Saturday, March 19, 2016

#SplitThisRock2016 Sessions: History & Elders

Split This Rock 2016: Poems of Provocation & Witness present sessions on our history and our elder poets.

For the full festival program, please visit the program page here.

And hey: Pre-registration is open now until March 31


Photo by Kristin Adair.
Celebrating the Poetry of Pat Parker
Kazim Ali, Cheryl Clarke, Julie Enszer, Bettina Judd
Charles Sumner School Museum & Archives Room 300 [Map]
Thursday, April 14 11:30am – 1:00pm


Pat Parker (1944-1989) was an influential poet and activist in feminist publishing, whose work as a poet and activist reflects the intersection of a variety of feminist and alternative publishing practices during the 1970s and 1980s. Parker’s poetry grapples with the multiple, intersecting oppressions that she experienced as an African-American woman and lesbian who both experienced and witnessed violence. Her work lends powerful words to these experiences. For example, in “Progeny” Parker writes, “It is difficult/to teach my child/the beauty of flowers/in a field/at the same time/I warn her about/the dangers of/open spaces.” Plain-spoken, but rhythmic and musical, Parker’s verse brings humor and pathos to readers and listeners. During her lifetime, Parker’s work circulated as widely as the work of Audre Lorde, Adrienne Rich, and Judy Grahn. Revered as poet, Parker also was a member of the Women’s Press Collective, the first lesbian-feminist publishing collective in the United States, founded in 1969. Today, Parker’s contributions as a publisher and a poet have fallen into obscurity, but a new edition of The Complete Works of Pat Parker will be released in April 2016.

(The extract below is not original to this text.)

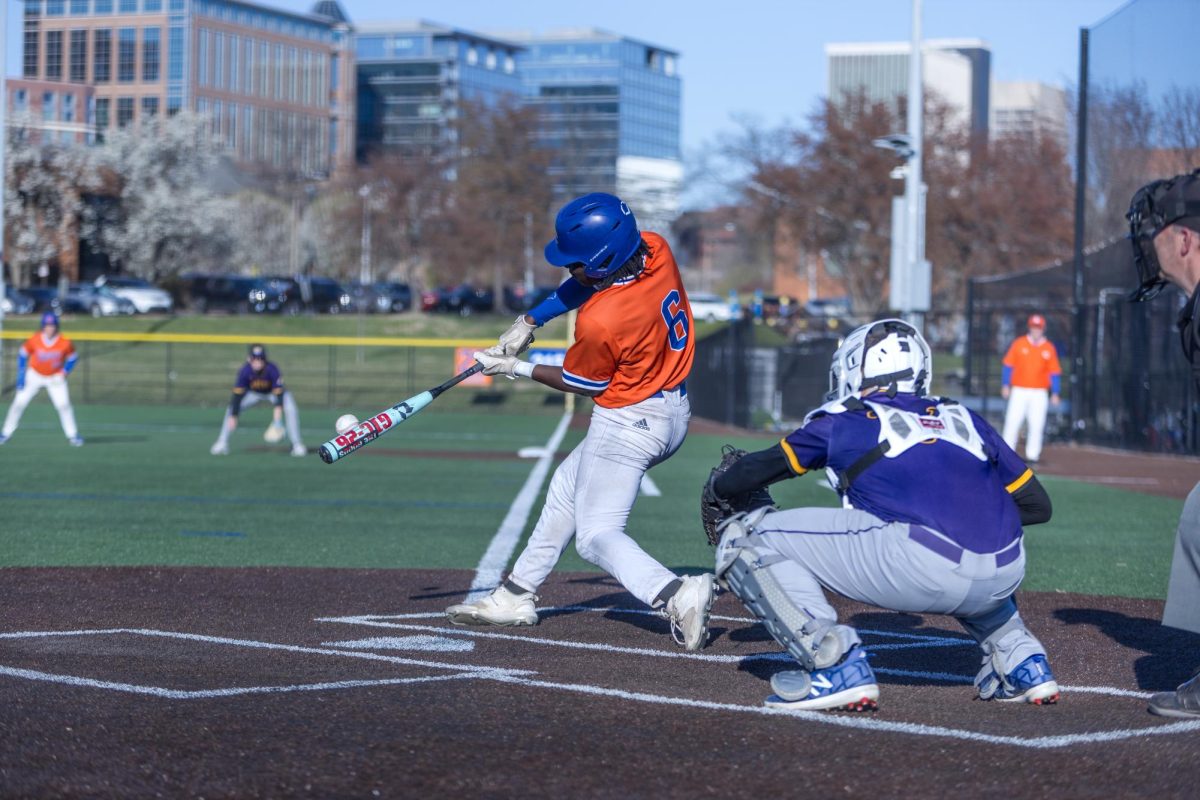 Senior Zach Adams is up to bat at boys baseball practice on Thursday, March 27.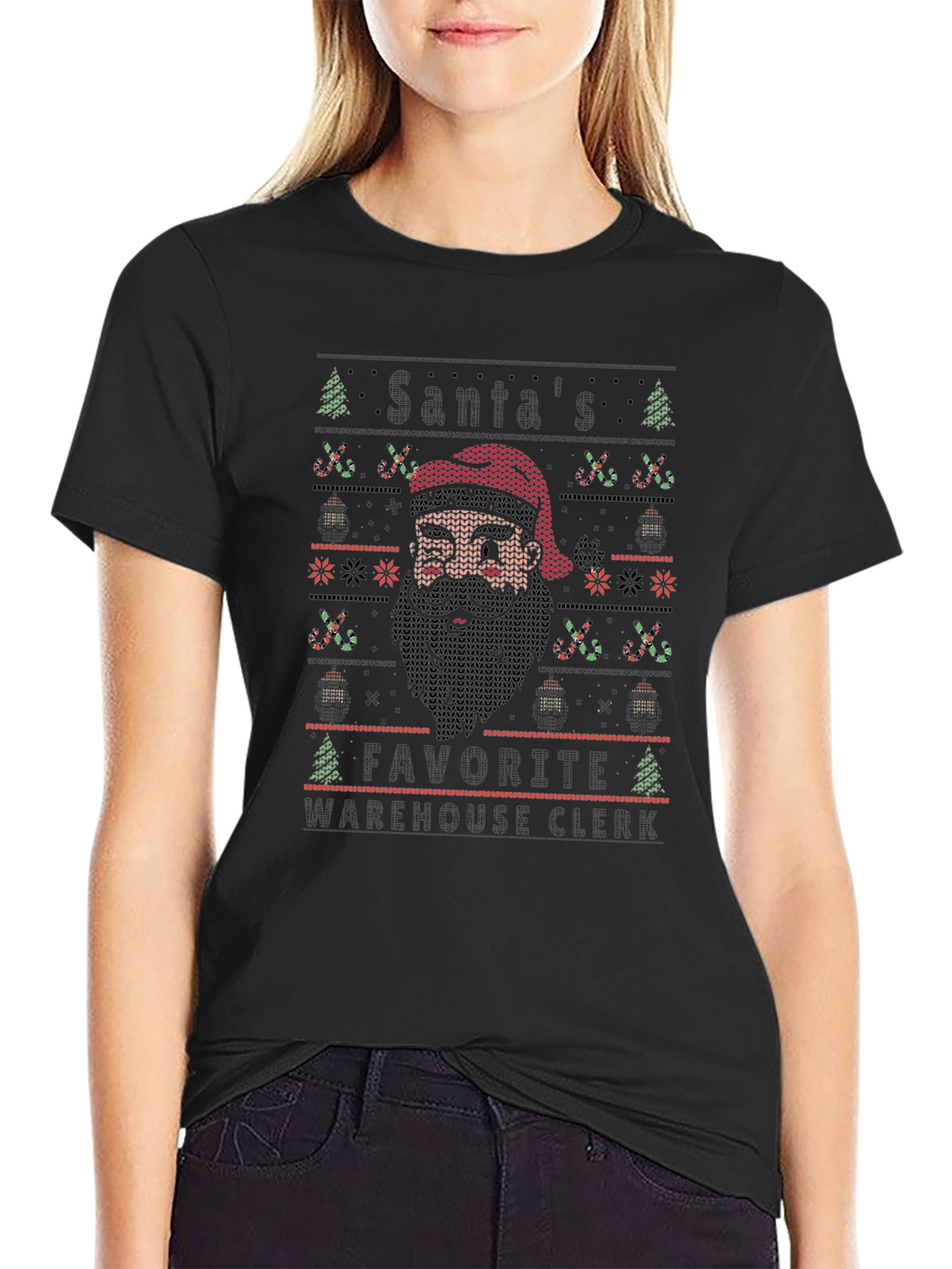 Santas Favorite Warehouse Clerk Ugly Christmas Sweater T-Shirt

from this paradise into the next: Tributes to Poets Lost Since Split This Rock 2014
Hosted by Sarah Browning
Charles Sumner School Museum & Archives Room 101 [Map]
Thursday, April 14 4 – 5:30pm


Photo by Kristin Adair.
Join us as we pay tribute to the many poets who’ve left us over the past two years. Bring a poem by a poet who was important to you or a story about his or her impact. We’ll have a sign-up sheet and organize the session open mic style, with three-minute slots. We’ll remember such poets as Jack Agüeros, Francisco X. Alarcón, Maya Angelou, Henry Braun, Justin Chin, Eduardo Galeano, Jose “Joe” Gouveia, Galway Kinnell, Philip Levine, C.K. Williams, C.D. Wright, and others. We’ll also create a group poem with lines by each ancestor, to be posted on the blog during the festival, starting with these lines from Francisco X. Alarcón:mountains/will speak/for you//rain/will flesh/your bones.

Research as Inspiration and Muse
A. Van Jordan, Reginald Harris, Kim Roberts, Frank X Walker, Dan Vera
Human Rights Campaign Room 105 AB [Map]
Friday 2:00-3:30pm
This roundtable will explore how primary sources, such as historical archives, oral histories, diaries, and newspapers, can be the starting point of poems. We will discuss how we incorporate factual information, how public and personal histories intersect, and how poems can serve as a corrective for stories of forgotten people and events that might not otherwise enter the cultural memory. We will address specific issues of craft: how can we remain true to the facts and not impede our imagination? How do we keep our poems from becoming too didactic? Panelists will give examples from their own work and the poems of others that have inspired them, and talk about their experience as researchers.

Writing for Hmong Freedom Over Three Generations
Chitzia Lyfoung, Pacyinz Lyfoung
Foundry United Methodist Church Davenport Center [Map]
Saturday, April 16 11:30am – 1:00pm


This reading will include materials from three generations, using the word to document the Hmong people's struggle for freedom across countries and continents. Readings will be from original letters by the only Hmong man who recorded in writing the struggle for his people's freedom, which was tied to the greater struggle for democracy in Indochina; a memoir by his son; and poems by his granddaughter.



The Golden Shovel: Honoring Gwendolyn Brooks
Reginald Dwayne Betts, E. Ethelbert Miller, Wesley Rothman, Ravi Shankar, Leah Umansky, Jeanann Verlee
Beacon Hotel [Map]
Saturday, April 16 2:00pm – 3:30pm


This interactive reading will celebrate the continued influence of Gwendolyn Brooks through the introduction of the "Golden Shovel," a form created by MacArthur genius grant winner Terrance Hayes in which he draws on Brooks's much-anthologized poem, “We Real Cool," encoding the words into his own poem. The poets will share work from the forthcoming Golden Shovel Anthology, which will celebrate the centenary of Ms. Brooks's birth. The session will include the story of the Golden Shovel form and anthology, sharing poems by Gwendolyn Brooks and the participants; recall Brooks's legacy as poet and witness; and implore attendees to listen and speak their provocation and witness through the Golden Shovel form.